WASHINGTON -- The U.S. Supreme Court on Friday ordered several of its state counterparts to review tax refund cases that could cost the states involved hundreds of millions of dollars.
Closing out its 1990-1991 term, the court ordered the supreme courts of Virginia and South Carolina to reexamine whether those states must pay tax refunds to federal retirees. The court also ordered the Minnesota Supreme Court to take another look at whether that state must refund a discriminatory tax on bank holdings of U.S. government securities.

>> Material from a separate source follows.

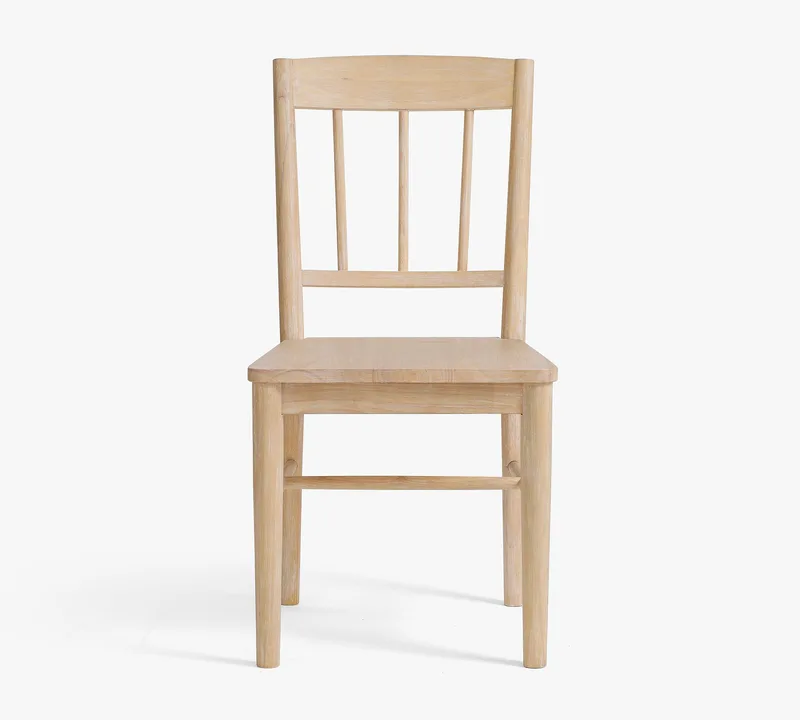 JP Nordic Solid Wood Ergonomic Dining Chair photo 2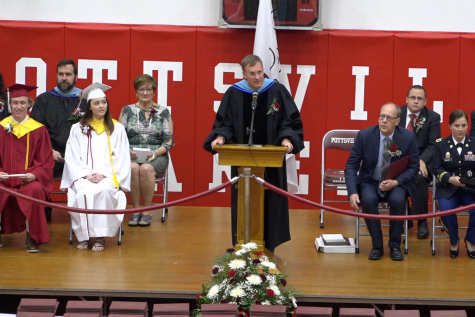 84th Commencement at Pottsville Area High School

The U.S. high court's action in the cases came one week after the justices decided in James B. Beam Distilling Co. v. Georgia that its rulings should be applied retroactively. But the court stopped short of ruling that tax refunds are necessary when state taxes have been ruled unconstitutional -- leaving the volatile issue for state courts to decide.
However, Justice Sandra Day O'Connor, writing in dissent, said the court's ruling opened the door to potentially "ruinous" refund liability for states.
The Virginia and South Carolina cases, Harper v. Virginia Department of Taxation and Bass v. South Carolina, arose following a 1989 Supreme Court decision in Davis v. Michigan. In that case, the court ruled that states may not impose higher taxes on the retirement benefits of former federal workers than they do on former state employees. About 20 states had similar tax laws.
State supreme courts have subsequently differed widely on whether federal retirees are entitled to refunds on such discriminatory taxes. Michigan and Missouri were required by their courts to pay refunds. But the Virginia and South Carolina supreme courts have ruled refunds are not required.
Virginia finance officials estimate refunds could cost the state about $300 million and warn that that amount is accruing interest daily. South Carolina officials say refunds could cost the state about $200 million if all federal retirees file for refunds.
The Minnesota case, Norwest Bank Duluth v. Minnesota Revenue Commissioner, arose because the state imposed an excise tax on bank net income, which included the interest earned on U.S. government securities but not the interest earned on municipal bonds.
The Minnesota Supreme Court ruled the tax was unlawfully discriminatory against the federal government but refused to order a refund of taxes banks had paid. About 700 banks in the state have filed claims for refunds totaling millions of dollars.
In another development Friday, Justice Thurgood Marshall explained his surprise announcement Thursday that he would retire from the court once his successor is confirmed. He said assertions that he is retiring out of frustration over the court's conservative drift are "a double-barreled lie."
"I'm old," he said at a press conference Friday. "I'm getting old and coming apart."